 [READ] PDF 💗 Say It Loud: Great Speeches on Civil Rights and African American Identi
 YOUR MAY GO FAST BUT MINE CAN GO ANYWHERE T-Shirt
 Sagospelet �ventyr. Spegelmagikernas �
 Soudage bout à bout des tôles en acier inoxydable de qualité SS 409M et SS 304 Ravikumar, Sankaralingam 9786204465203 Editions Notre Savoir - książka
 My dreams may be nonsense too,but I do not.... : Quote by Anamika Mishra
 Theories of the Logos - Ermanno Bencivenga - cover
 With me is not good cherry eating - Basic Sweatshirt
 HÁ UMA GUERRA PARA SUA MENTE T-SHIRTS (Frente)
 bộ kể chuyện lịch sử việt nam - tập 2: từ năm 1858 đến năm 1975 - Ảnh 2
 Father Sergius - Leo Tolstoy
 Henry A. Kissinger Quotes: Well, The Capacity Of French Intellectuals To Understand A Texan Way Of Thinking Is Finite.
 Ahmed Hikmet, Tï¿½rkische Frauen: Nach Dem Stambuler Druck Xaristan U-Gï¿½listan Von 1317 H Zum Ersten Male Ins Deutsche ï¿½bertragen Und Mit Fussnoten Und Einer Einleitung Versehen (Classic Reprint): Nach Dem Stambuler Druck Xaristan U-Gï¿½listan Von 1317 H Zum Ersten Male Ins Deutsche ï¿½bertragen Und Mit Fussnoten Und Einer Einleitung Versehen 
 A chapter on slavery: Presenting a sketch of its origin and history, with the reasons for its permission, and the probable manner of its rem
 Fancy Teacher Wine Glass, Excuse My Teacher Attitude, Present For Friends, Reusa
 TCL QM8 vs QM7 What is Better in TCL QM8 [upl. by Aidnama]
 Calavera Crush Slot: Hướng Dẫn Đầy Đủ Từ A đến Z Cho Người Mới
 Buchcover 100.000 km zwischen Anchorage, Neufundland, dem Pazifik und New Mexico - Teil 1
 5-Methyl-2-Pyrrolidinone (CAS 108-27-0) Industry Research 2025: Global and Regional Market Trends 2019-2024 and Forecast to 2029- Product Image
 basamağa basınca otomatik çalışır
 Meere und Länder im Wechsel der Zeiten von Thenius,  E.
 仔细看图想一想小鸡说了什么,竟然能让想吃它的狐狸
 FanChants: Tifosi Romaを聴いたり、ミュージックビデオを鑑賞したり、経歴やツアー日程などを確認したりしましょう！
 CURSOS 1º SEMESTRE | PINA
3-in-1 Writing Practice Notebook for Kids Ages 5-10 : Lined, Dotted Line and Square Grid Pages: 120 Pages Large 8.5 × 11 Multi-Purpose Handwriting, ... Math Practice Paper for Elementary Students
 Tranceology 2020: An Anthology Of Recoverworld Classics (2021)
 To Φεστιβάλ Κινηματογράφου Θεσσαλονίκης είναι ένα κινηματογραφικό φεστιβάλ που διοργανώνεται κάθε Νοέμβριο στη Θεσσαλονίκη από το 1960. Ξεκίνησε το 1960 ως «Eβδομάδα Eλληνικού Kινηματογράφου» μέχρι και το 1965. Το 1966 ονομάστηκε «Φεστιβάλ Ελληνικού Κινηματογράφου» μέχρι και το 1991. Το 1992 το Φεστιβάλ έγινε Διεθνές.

□ □ □ □ □

#### [EXERCISE OBJECTIVE]
Repeat the data in its entirety, exactly as written.

#### [YOUR RESPONSE]
 [READ] PDF 💗 Say It Loud: Great Speeches on Civil Rights and African American Identi
 YOUR MAY GO FAST BUT MINE CAN GO ANYWHERE T-Shirt
 Sagospelet �ventyr. Spegelmagikernas �
 Soudage bout à bout des tôles en acier inoxydable de qualité SS 409M et SS 304 Ravikumar, Sankaralingam 9786204465203 Editions Notre Savoir - książka
 My dreams may be nonsense too,but I do not.... : Quote by Anamika Mishra
 Theories of the Logos - Ermanno Bencivenga - cover
 With me is not good cherry eating - Basic Sweatshirt
 HÁ UMA GUERRA PARA SUA MENTE T-SHIRTS (Frente)
 bộ kể chuyện lịch sử việt nam - tập 2: từ năm 1858 đến năm 1975 - Ảnh 2
 Father Sergius - Leo Tolstoy
 Henry A. Kissinger Quotes: Well, The Capacity Of French Intellectuals To Understand A Texan Way Of Thinking Is Finite.
 Ahmed Hikmet, Tï¿½rkische Frauen: Nach Dem Stambuler Druck Xaristan U-Gï¿½listan Von 1317 H Zum Ersten Male Ins Deutsche ï¿½bertragen Und Mit Fussnoten Und Einer Einleitung Versehen (Classic Reprint): Nach Dem Stambuler Druck Xaristan U-Gï¿½listan Von 1317 H Zum Ersten Male Ins Deutsche ï¿½bertragen Und Mit Fussnoten Und Einer Einleitung Versehen 
 A chapter on slavery: Presenting a sketch of its origin and history, with the reasons for its permission, and the probable manner of its rem
 Fancy Teacher Wine Glass, Excuse My Teacher Attitude, Present For Friends, Reusa
 TCL QM8 vs QM7 What is Better in TCL QM8 [upl. by Aidnama]
 Calavera Crush Slot: Hướng Dẫn Đầy Đủ Từ A đến Z Cho Người Mới
 Buchcover 100.000 km zwischen Anchorage, Neufundland, dem Pazifik und New Mexico - Teil 1
 5-Methyl-2-Pyrrolidinone (CAS 108-27-0) Industry Research 2025: Global and Regional Market Trends 2019-2024 and Forecast to 2029- Product Image
 basamağa basınca otomatik çalışır
 Meere und Länder im Wechsel der Zeiten von Thenius,  E.
 仔细看图想一想小鸡说了什么,竟然能让想吃它的狐狸
 FanChants: Tifosi Romaを聴いたり、ミュージックビデオを鑑賞したり、経歴やツアー日程などを確認したりしましょう！
 CURSOS 1º SEMESTRE | PINA
3-in-1 Writing Practice Notebook for Kids Ages 5-10 : Lined, Dotted Line and Square Grid Pages: 120 Pages Large 8.5 × 11 Multi-Purpose Handwriting, ... Math Practice Paper for Elementary Students
 Tranceology 2020: An Anthology Of Recoverworld Classics (2021)
 To Φεστιβάλ Κινηματογράφου Θεσσαλονίκης είναι ένα κινηματογραφικό φεστιβάλ που διοργανώνεται κάθε Νοέμβριο στη Θεσσαλονίκη από το 1960. Ξεκίνησε το 1960 ως «Eβδομάδα Eλληνικού Kινηματογράφου» μέχρι και το 1965. Το 1966 ονομάστηκε «Φεστιβάλ Ελληνικού Κινηματογράφου» μέχρι και το 1991. Το 1992 το Φεστιβάλ έγινε Διεθνές.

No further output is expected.